Надеюсь, оба письма, что я послал Тебе на квартиру, Ты получила прямо в руки? Сдается мне, эти письма были как раз из тех, что менее всего предназначены для посторонних глаз.
25.12.1912
Роман опять немного продвинулся, держусь его, раз
А сейчас я и вправду слишком устал, в течение дня из-за всевозможных помех вообще не спал, в будние дни я сплю гораздо больше. Мне так много надо Тебе сказать, а тут усталость перекрывает мне головной кран. Надо было, чем над романом корпеть, Тебе написать, чего мне больше всего и хотелось. Было такое сильное желание начать письмо, вернее, приготовить почву для него, сплошь покрыв поцелуями эту бумагу, ибо она придет в Твои руки. Но сейчас я слишком устал и одурел, и мне самому даже больше поцелуев нужен Твой живой взгляд, каким я угадываю его на сегодняшней фотографии. Сегодня скажу только, что меня в этой фотографии не устраивает: взгляд Твой не хочет на меня смотреть, он ускользает, сколько ни крутил я карточку так и этак, Ты все равно находила возможность отвести глаза – спокойно и даже как будто с заранее продуманным намерением. Зато у меня есть возможность прижать к себе все Твое лицо и расцеловать его, что я и делаю, и сделаю еще раз, перед тем как заснуть, и потом снова, когда проснусь. Может, это и не достойно упоминания, но мои губы всецело принадлежат одной Тебе; и ни родителям, ни сестрам, ни даже неотступным тетушкам нет места на моей отпрядывающей щеке.
28.12.1912
Любимое мое дитя, в романе моем происходят весьма познавательные вещи. Случалось ли Тебе видеть демонстрации в американских городах накануне выборов окружного судьи? Разумеется, нет, как и мне, а вот в романе моем такая демонстрация как раз сейчас в самом разгаре.

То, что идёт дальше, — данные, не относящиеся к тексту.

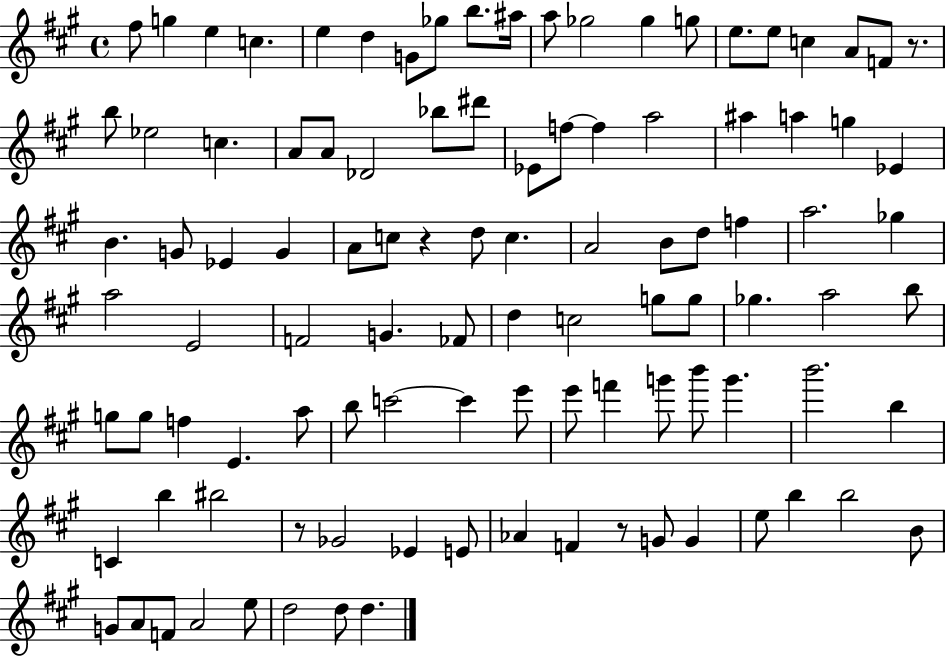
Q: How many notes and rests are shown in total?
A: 103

Пока что всего пару слов, любимая, скоро уже два, а голова моя вот уже неделю регулярно трещит, когда я ложусь позже двух. Выходит, вместо того чтобы привыкать к ночным бдениям, я переношу их все хуже? Моя зевота на службе давно уже перешла грани всех приличий, я зеваю прямо в лицо директорам, начальнику, посетителям, короче, всем, кто ни попадется на пути. Но, надеюсь, заведя твердое обыкновение ложиться в два, я вскоре поборю эту позорную слабость.
Любимая, сказать Тебе, какой я жалкий, никудышный человек? Или лучше умолчать, чтобы не ронять себя в Твоих глазах? Но как же не сказать, когда мы так душевно близки, настолько близки, насколько это вообще возможно, раз уж даже для враждебности находим время и место? Нет, я должен это сказать.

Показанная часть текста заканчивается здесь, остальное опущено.